We then blended and averaged this data at the post code level (in order to proxy for attractors and detractors that could influence yield such as local infrastructure, proximity to amenities and transport links and detractors such as crime rates, noise pollution etc).

Next, we bucketed each of the properties into a sliding scale (0-10) for each strategy in terms of how fit for purpose the property was given the strategy criteria - based on data provided by the client - and back-tested the model against historical data from 2011-2021, with a predictive accuracy rate of 94.5%.

This accuracy rate was calculated that when a given set of investment input criteria were given, suggested properties achieved or would be on track to achieve the target investment yield in at least 94.5% of cases - excluding external out-of-range factors e.g. COVID-19 pandemic.

From machine model to human interface

Once the prototype model was delivered, building an interface to make the model human friendly - allowing for both simple and advanced usage depending on the accuracy and specificity of the investment criteria.
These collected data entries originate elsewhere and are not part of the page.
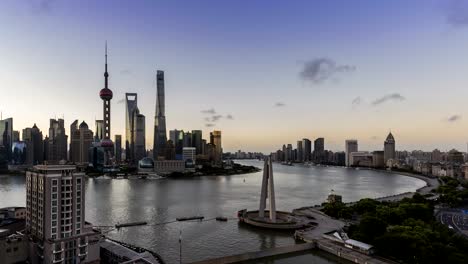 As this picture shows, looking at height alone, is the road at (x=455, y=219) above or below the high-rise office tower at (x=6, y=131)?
below

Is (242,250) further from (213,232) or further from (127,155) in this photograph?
(127,155)

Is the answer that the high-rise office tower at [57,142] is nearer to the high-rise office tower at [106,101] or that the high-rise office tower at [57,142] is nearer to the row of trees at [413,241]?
the high-rise office tower at [106,101]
This was rapidly built, with the timeline from prototype model to a prototype human ready interface taking less than 4 weeks - and the client’s team were delighted by the simplicity and the cross-platform capabilities delivered.

Automating repeat outreach

To get the most out of this tool - the client wanted to be able to represent/match prospective buyers with sellers who hadn’t yet instructed them to place their property on the market. Having a warm buyer lead up-front would make all the difference when approaching potential sellers.

For this, we built an automation capability combining together generative AI along with third party APIs which enable direct mail automation - in order to personalise outreach to existing homeowners at scale - taking a task that would typically take days down to just minutes, allowing agents to focus on high value tasks and human touch points.

Into production and beyond

We conducted a phase based roll out and testing strategy - using cloud-infrastructure located in the UK to meet data privacy regulations along with continuously working with the client to measure the impact.

As a result, within 6 months of launch - the client saw £150M+ of investment opportunities unlocked for leads, with a blended 3.4x win rate increase blended between target audience buyers and sellers and was able to expand to 5 new UK districts they previously didn’t cover.